Let us try to analyse IELTS writing task 1 response by a student.
Question:
You are writing a letter to the manager of a supermarket where you met with an accident and in your letter, write:
- Who you are
- Describe how the accident happened
- What action you want to take
Candidate’s Response:
Dear Sir/Madam,
I am letter writting, to inform you I am resident of Janak puri B-Block your supermarket in B-Block I visited last Sunday. I meet an accident in your supermarket because off your floor near entrance is so slipry, That’s I slipped there it occured having an injury in my foot.
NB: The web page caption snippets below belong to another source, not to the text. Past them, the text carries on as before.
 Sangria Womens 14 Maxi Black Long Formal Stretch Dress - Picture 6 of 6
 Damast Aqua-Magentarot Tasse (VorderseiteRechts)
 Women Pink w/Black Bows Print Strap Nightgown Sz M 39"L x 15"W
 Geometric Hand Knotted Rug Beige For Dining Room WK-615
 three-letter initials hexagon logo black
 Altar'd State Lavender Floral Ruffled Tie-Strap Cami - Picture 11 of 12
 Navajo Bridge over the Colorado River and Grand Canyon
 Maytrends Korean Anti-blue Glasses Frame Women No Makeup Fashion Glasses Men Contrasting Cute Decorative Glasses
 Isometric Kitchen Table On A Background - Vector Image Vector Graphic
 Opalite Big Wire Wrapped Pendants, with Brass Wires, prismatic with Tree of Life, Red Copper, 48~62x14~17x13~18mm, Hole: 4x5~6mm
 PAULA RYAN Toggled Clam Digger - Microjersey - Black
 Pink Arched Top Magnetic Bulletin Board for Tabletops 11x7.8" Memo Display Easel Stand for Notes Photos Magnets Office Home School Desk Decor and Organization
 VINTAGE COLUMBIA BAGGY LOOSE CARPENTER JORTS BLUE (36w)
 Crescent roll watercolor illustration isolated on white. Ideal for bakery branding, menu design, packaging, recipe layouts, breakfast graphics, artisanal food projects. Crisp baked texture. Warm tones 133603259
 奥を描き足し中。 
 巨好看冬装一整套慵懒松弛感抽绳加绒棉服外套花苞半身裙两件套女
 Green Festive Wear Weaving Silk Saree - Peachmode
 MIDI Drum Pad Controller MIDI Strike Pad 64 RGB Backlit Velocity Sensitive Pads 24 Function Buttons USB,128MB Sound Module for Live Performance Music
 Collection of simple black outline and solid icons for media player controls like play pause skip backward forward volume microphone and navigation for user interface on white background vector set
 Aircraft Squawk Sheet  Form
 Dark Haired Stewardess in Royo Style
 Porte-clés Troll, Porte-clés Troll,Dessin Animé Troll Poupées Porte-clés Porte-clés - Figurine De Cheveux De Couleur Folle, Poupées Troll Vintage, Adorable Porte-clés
Your’s supermarket is so good and smart shoppers. They gives us to more discounts and good things your supermarket is a complete store. It shows all things latest and smartly. Your supermarket is completly full off all basic needs. But your sleepry floor creats a disadvantage to your customer.
So, I inform you that for repair of your sleepry floor or any rubber coating put on your slipry floor, that makes your coustomer will happy to move your supermarket without any injury or accidenty.
I would like you to take some action for your customers happiness.
yours faithfully,
Now, we will completely analyse the above IELTS writing task 1 response and see what could be the expected band score.
Para 1:
Strength:
First bullet point is explained and purpose of letter is written.
Corrected Erroneous Statement:
“I am writting this letter to inform you that I met with an accident in your supermarket. I am a resident of B-Block, Janak Puri and last Sunday, I visited your supermarket where I met with an accident because of the floor near the entrance which was so slippery that I slipped there and got my right foot injured.”
Para 2:
Strength:
Tone is humble and there’s an attempt to provide some reasons
Corrected Erroneous Statement:
“Your supermarket is so good and well-known among smart shoppers that it provides more discounts and quality products to customers, and thus your supermarket is a complete store on its own. It displays all the latest things smartly and is completely full of all the things required to meet the basic and daily needs of consumers. But your slippery floor creates a disadvantage to your customer.”
Para 3:
Strength:
There’s an attempt to request actions, hence tried to answer third bullet point of question
Corrected Erroneous Statement:
“So, I suggest you to change the slippery floor or replace it with any rubber coating which can shield the slippery floor, that can make your customer happy as they would be able to move in and around your supermarket without this risk of any injury or accident.”
Para 4:
Strength:
Finishing statement is written
Corrected Erroneous Statement:
“I would request you to please take some actions for your customer’s safety.
Yours faithfully,
Ramesh Kumar”
Expected Band Score: 5 Band
The candidate has tried answering all the points of the question but the second point is somehow not well explained while there is off-topic or extra information instead. There are a lot of mistakes in structuring the sentences, grammar, tenses, vocabulary and others that restrict band score to 5.